Saturday, June 15, 2024

The Second Sister

by Marie Bostwick

Lucy works as a political campaigner, devoting most of her time to her work and little time to herself.  Alice, her sister is almost two years older than her and has a brain injury that makes her seem younger than her 38 years.  Alice wants Lucy to return to their small town in Wisconsin but Lucy wants nothing to do with returning to the town with bad memories.  Then Alice dies and the terms of her will include Lucy spending 8 weeks in their hometown before she can inherit their childhood home.  I enjoyed this book a lot.

Quotes

Chapter 9, beginning on p. 57, offers great insight to our experience of having a loved-one die.  It’s too long to include as a quote.

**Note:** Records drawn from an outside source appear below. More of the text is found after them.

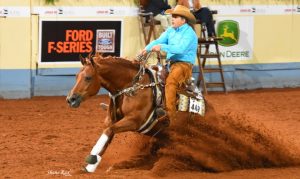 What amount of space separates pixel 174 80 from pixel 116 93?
0.82m

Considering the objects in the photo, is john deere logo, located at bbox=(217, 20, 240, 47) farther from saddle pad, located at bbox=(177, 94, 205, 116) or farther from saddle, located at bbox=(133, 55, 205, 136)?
saddle pad, located at bbox=(177, 94, 205, 116)

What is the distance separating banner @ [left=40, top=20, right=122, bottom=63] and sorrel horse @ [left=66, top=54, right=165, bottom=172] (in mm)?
6623

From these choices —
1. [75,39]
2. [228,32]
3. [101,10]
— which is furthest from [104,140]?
[228,32]

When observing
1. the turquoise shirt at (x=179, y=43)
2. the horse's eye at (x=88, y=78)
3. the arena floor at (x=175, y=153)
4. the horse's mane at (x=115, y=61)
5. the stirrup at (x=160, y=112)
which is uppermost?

Alice’s friend Rinda recounts being new in town, looking for inexpensive fabric for the back of a quilt at a quilt shop, and having Alice follow her around “talking a blue streak.”  Rinda was being careful about money, pulled out a bolt of yellow-green fabric that she thought might be okay for backing.  “So Alice sees this stuff and says, ‘That’s the ugliest fabric I ever saw in my life.  Why would you buy that?’  I told her it might be ugly, but it was only two dollars a yard.’
  “Rinda’s eyes crinkled at the corners.  ‘And then Alice puts her hand on my arm and looks at me all serious and says, ‘Rinda, it is possible to pay too little for fabric.’”    p. 193-194

  “‘All these people who piece their tops but hire somebody else to do the finishing. . .  Hmph.  They’re not quilters.  They’re toppers!’ she declared, curling her lip in a way that made it sound almost like a dirty word.”